## What the task asks:
Whatever follows the line containing "Christmas Natural Beige" in the listing below should be printed exactly, along with that line itself.

## Available data:
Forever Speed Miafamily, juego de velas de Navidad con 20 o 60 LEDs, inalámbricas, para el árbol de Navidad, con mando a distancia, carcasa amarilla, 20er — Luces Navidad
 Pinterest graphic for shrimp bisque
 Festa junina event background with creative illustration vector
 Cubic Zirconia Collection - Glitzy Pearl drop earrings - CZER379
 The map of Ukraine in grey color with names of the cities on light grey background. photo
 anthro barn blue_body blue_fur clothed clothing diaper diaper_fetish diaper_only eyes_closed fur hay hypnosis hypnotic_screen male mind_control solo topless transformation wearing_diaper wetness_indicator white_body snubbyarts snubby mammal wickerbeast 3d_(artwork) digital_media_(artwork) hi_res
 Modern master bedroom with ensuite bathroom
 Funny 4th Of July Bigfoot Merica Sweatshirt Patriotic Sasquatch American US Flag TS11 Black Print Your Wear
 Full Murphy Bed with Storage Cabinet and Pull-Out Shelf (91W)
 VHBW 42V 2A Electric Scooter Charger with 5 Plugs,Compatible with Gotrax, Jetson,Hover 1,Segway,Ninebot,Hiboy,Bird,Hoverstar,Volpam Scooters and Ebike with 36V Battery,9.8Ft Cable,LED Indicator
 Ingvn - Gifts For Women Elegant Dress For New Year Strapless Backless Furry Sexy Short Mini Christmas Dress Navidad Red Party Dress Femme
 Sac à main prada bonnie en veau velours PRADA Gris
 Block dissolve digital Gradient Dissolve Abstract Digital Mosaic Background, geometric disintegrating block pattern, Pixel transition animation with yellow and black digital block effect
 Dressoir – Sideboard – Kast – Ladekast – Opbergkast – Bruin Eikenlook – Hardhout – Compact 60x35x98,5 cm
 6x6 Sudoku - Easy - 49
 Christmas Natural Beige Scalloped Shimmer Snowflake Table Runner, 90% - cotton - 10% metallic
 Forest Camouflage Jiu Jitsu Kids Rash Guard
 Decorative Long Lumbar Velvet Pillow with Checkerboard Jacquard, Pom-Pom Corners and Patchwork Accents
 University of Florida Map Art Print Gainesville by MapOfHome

## Solution below:
 Christmas Natural Beige Scalloped Shimmer Snowflake Table Runner, 90% - cotton - 10% metallic
 Forest Camouflage Jiu Jitsu Kids Rash Guard
 Decorative Long Lumbar Velvet Pillow with Checkerboard Jacquard, Pom-Pom Corners and Patchwork Accents
 University of Florida Map Art Print Gainesville by MapOfHome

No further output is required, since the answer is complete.